Keefer, the resident intellectual aboard the Caine, starts out as the likeable voice of reason against the paranoid Captain Queeg, but is gradually revealed to be the most loathsome character in the story, being a cowardly, dishonest, and selfish schemer who is admonished for his treatment of Queeg, who is praised as an honorable, but misunderstood, career Navy officer who was only patriotically serving his country. It is revealed that Queeg was suffering from post-traumatic stress caused by his service as a destroyer captain on the harrowing "North Atlantic run", making Keefer, who has never experienced combat, all the more odious. Ben Munceford, the journalist, serves as an analogous character to Keefer as the resident intellectual aboard the Bedford who has a worldview that is essentially opposed to that of the Navy, but he is portrayed as a far more sympathetic and likeable character. Unlike Keefer, the writer who was reluctantly drafted into the U.S. Navy during World War II, Munceford is a journalist, being the only civilian aboard the Bedford. However, Keefer and Munceford have similar short term expectations of the Navy, as Keefer is writing a novel aboard the Caine that he intends to publish after he is discharged, while Munceford is only on the Bedford to write a story about Finlander. Both Keefer and Munceford are intellectuals who are skeptical of authority figures and are always asking inconvenient questions. Keefer successfully undermines the leadership of Queeg and provokes the mutiny, while Munceford is unsuccessful in challenging the leadership of Finlander, leading the latter to embark upon a course that leads to the deaths of everyone aboard the Bedford. Munceford comes to serve as the voice of reason against Finlander, and in both the novel and film he is portrayed as quite justified in challenging Captain Finlander. Whitfield argued that the different messages presented about obeying authority and the portrayal of the military men and intellectuals in The Caine Mutiny vs. The Bedford Incident illustrated how much mentalities had changed from the 1950s to the 1960s.

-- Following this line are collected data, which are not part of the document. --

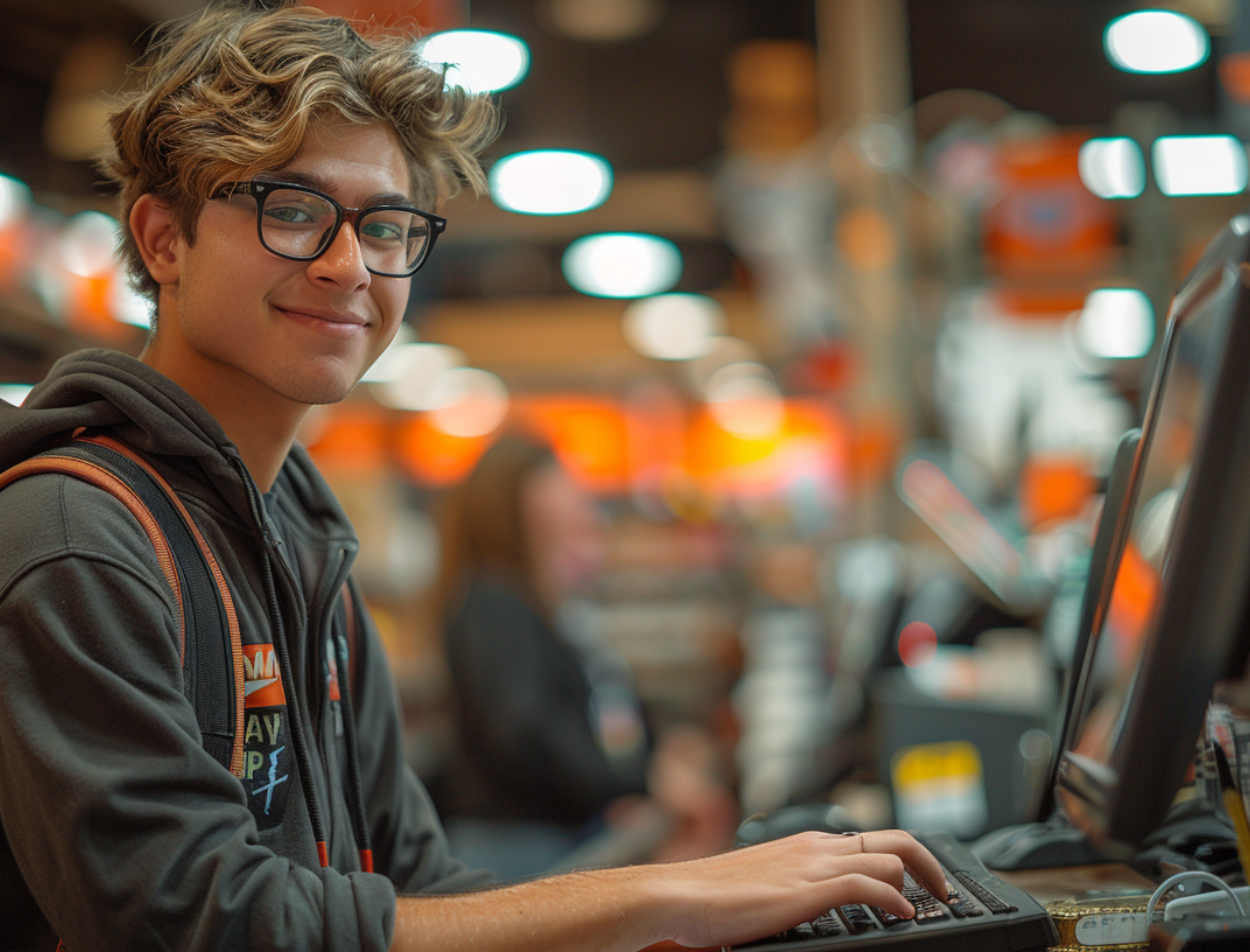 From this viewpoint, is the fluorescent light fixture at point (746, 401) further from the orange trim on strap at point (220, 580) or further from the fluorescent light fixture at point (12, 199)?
the orange trim on strap at point (220, 580)

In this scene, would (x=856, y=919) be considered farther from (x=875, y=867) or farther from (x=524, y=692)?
(x=524, y=692)

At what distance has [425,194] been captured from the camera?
51.8 inches

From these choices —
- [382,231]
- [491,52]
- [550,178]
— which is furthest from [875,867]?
[550,178]

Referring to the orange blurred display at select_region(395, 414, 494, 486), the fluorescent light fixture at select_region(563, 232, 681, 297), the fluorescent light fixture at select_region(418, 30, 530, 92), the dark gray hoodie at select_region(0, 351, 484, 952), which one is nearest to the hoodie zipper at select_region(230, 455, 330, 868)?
the dark gray hoodie at select_region(0, 351, 484, 952)

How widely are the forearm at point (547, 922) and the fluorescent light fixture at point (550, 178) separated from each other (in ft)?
20.2

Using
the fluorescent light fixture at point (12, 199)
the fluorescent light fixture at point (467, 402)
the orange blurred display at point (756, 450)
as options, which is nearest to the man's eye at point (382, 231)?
the fluorescent light fixture at point (12, 199)

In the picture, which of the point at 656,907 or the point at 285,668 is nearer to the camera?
the point at 656,907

Widmark, a political left wing liberal, modeled the mannerisms and rhetorical style of Captain Finlander after Senator Barry Goldwater, who was the Republican candidate in the 1964 United States presidential election. Goldwater had been attacked during his campaign as being too hawkish, most notably in Lyndon B. Johnson's infamous Daisy Girl television commercial, which warned that, if elected, Goldwater would start a nuclear war. The film's message—told via the story of Finlander, whose obsessive anti-Communism and relentless determination to provoke a confrontation with a Soviet submarine leads to the deaths of everyone on both the Bedford and the sub—is that Cold Warriors like Goldwater could provoke a nuclear war that would be the end of humanity. This criticism of hawkish, confrontational Cold War policies was part of a backlash against militarism after the Cuban Missile Crisis almost caused a nuclear war between the Soviet Union and the United States in 1962. The scholars Harold R. Troper and Michael J. Strada described The Bedford Incident as one of a series of films in the 1960s that were "full frontal assaults on military values".

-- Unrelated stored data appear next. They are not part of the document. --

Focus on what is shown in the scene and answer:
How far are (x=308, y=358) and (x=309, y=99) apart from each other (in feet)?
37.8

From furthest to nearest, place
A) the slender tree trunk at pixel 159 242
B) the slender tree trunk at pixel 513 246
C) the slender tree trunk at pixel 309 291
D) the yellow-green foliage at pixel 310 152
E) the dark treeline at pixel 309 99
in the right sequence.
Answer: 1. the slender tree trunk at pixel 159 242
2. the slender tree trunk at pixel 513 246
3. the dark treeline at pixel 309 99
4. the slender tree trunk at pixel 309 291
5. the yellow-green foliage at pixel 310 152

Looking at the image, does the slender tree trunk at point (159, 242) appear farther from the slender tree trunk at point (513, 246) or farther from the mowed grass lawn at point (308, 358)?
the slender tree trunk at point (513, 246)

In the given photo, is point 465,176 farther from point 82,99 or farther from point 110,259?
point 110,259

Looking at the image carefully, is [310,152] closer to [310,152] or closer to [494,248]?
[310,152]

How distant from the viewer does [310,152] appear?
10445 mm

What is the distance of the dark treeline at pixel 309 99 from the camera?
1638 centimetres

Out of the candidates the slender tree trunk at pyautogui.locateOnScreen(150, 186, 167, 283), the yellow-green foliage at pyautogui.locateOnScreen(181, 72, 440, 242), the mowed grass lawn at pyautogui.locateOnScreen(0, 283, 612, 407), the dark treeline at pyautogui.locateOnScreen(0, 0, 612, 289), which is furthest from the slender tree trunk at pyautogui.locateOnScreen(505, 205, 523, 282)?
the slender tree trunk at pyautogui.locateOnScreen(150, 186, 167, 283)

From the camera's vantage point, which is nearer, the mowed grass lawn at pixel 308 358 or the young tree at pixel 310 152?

The Canadian historian Sean Maloney praised the book The Bedford Incident for its level of realism, calling it "a microhistorical study of the Cold War itself", and "the best literary depiction of the Cold War". Maloney noted that, to enter the northern Atlantic Ocean from their bases on the Arctic Ocean in Murmansk and Arkhangelsk, Soviet submarines had to cross what was called the "Greenland-Iceland-UK gap", making patrolling the gap a key concern for the U.S. Navy in the Cold War. When Munceford arrives on the Bedford, the ship's executive officer (the number two man), Commander Allison, tells him that the ship operates "under virtually wartime conditions", a point further elaborated on by Captain Finlander, who says: "We are hunters—stalking kind of hunters—who track a foe who is also silently listening to us". On average, one Soviet nuclear ballistic submarine carried 12-16 Intercontinental ballistic missiles (ICBMs) armed with hydrogen bombs, each of which was capable of destroying an entire city. From Finlander's viewpoint, it was essential to know the location of the Soviet submarine because, if World War III should break out, he would have, at most, a matter of minutes to sink the submarine before it fired its ICBMs and took out 12-16 American cities. Maloney noted that, in the film version of The Bedford Incident, Finlander is portrayed as far more deranged than in the novel, saying that Finlander's obsession with hunting Soviet submarines in the North Atlantic in the novel is "completely understandable and possibly even legitimate". He argued that, should World War III ever occur, it was crucial to have as much intelligence as possible about the opponent in order to strike as hard as possible via nuclear strikes and deny the opponent the ability to strike with their nuclear weapons.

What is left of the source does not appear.